For the past eight years we have been treated to a steady barrage of personal attacks on President George W. Bush. The most frequent course of these personal assaults was an attack on Bush’s intelligence. I always got a kick out of that one because Bush scored better academically at the same Ivy League institutions than both of his presidential opponents — Al Gore and John Kerry. If that wasn’t enough, the attacks included accusations of Bush being a drunk, a womanizer, a racist, a homophobe, a crook, of being indifferent to the plight of the poor and even participating in the September 11 attacks on New York and Washington, D.C.
It didn’t make any difference as to the facts, or even the sanity of the accusers, the more dramatic the accusation, the wider its distribution by the nation’s newspapers and broadcast television. Everyone on the left, seemingly, got into the act. From Reps. Barney Frank and Maxine Waters to Hollywood hair-pullers like Rosie O’Donnell and Alex Baldwin, we were delivered a daily diet of drivel — never once touching on policy but focusing solely on the person. Never once during all of these personal attacks did the mainstream media question the facts, the background or the motives of the accusers. It was always sufficient that they could report that “so and so today accused President Bush of this and that.”
The art of the personal political attack has been around for a long time and practiced by all parties. But the Clintons, particularly under the tutelage of Paul Begala and James Carville perfected the modern form of these personal attacks. Most notorious of this modern form of political smears were the attacks on the steady stream of women who accused Bill Clinton of various forms of marital infidelity. The accusations were never denied but these women were personally destroyed.

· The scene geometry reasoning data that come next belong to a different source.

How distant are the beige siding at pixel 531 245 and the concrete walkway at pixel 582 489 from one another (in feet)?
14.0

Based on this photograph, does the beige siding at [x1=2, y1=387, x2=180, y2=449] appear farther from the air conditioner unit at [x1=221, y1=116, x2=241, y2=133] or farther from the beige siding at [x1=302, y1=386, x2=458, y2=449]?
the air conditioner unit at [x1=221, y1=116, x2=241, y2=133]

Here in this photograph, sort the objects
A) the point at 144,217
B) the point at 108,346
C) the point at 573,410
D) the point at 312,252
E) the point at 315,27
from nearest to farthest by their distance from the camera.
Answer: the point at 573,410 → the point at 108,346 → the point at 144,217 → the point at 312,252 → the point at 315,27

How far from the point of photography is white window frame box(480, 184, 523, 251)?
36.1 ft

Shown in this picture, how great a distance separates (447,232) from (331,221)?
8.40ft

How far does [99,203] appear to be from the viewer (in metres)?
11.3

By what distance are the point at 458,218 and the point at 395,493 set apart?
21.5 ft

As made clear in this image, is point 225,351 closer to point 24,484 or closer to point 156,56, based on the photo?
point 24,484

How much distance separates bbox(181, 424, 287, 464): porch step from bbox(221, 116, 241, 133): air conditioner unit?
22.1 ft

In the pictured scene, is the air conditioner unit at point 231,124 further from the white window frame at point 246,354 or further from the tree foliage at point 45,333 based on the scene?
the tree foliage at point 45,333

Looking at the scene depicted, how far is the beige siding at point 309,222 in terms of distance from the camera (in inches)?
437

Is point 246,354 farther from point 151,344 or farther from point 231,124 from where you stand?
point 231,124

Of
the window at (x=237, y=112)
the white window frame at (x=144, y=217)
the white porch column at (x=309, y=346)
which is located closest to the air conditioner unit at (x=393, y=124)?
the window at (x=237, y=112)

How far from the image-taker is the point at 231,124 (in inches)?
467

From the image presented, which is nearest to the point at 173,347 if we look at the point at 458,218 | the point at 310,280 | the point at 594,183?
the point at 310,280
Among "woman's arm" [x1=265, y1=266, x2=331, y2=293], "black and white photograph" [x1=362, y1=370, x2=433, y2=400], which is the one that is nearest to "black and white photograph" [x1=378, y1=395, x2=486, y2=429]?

And now we see that the right in its reaction to President-elect Barack Obama is rolling out many of these same tactics. To listen to these hate merchants one would believe that Obama will, in short order, convert America to the Socialist States of America, hand the armed forces over to Mahmoud Ahmadinejad, establish Louis Farrakhan as the new Minister of Ministries, cede policy decisions to the United Nations and relocate the nation’s capital to Kenya.

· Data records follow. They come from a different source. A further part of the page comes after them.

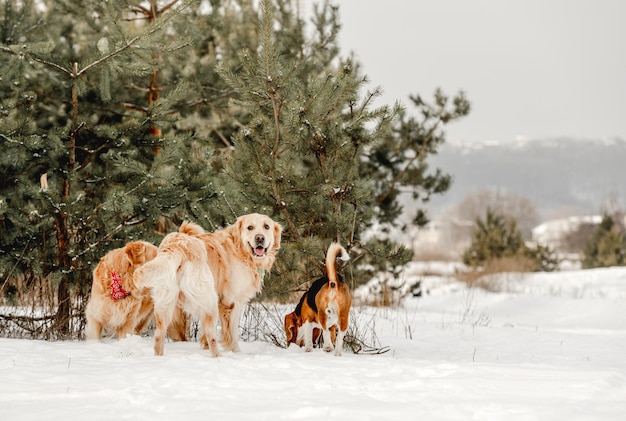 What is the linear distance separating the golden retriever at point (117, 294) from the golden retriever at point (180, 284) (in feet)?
2.58

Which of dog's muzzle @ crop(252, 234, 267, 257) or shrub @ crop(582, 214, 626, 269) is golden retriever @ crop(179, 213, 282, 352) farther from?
shrub @ crop(582, 214, 626, 269)

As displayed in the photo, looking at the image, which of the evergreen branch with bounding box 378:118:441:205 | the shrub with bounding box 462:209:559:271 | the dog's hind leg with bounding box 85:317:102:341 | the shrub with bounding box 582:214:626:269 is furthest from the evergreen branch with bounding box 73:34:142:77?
the shrub with bounding box 582:214:626:269

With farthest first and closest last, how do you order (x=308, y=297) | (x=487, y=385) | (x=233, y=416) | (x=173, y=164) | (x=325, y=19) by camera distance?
(x=325, y=19) < (x=173, y=164) < (x=308, y=297) < (x=487, y=385) < (x=233, y=416)

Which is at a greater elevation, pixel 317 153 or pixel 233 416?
pixel 317 153

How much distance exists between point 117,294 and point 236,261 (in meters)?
1.16

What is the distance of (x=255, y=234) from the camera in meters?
4.86

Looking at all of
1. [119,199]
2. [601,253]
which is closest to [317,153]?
[119,199]

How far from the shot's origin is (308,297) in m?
5.37

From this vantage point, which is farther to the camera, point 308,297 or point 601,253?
point 601,253

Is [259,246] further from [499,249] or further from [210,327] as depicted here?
[499,249]

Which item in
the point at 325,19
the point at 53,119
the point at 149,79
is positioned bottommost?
the point at 53,119

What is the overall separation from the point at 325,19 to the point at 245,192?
256 inches

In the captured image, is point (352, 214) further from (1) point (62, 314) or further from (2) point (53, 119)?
(2) point (53, 119)

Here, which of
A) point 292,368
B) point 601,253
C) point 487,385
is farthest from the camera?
point 601,253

There are those who claim that the very fabric of our democracy will be strained to the point of collapse by Obama and his supporters. However, we were a lot closer to the collapse of our democracy during the days of Richard Nixon and Watergate than we are today with the election of Barack Obama.
The result of these personal attacks is two-fold. First, it antagonizes those who have supported Obama and whom then feel a necessity to respond in like kind. And second, and even more important, it dilutes the ability to discuss real issues and to persuade through facts, logic and history. When the Reagan Revolution occurred it was not because Ronald Reagan savaged his opponents with personal attacks, it was because he explained with patience, facts and logic the underpinnings of the problems and the rationality of his solutions. When Newt Gingrich and the House Republicans recaptured a majority in Congress, it wasn’t because they spent their time personally attacking the Democrats; it was because they presented a clear, understandable plan to deal with the problems then facing the nation. They became the party of ideas and solutions and left the Democrats to be the naysayers and the doubters without solutions of their own.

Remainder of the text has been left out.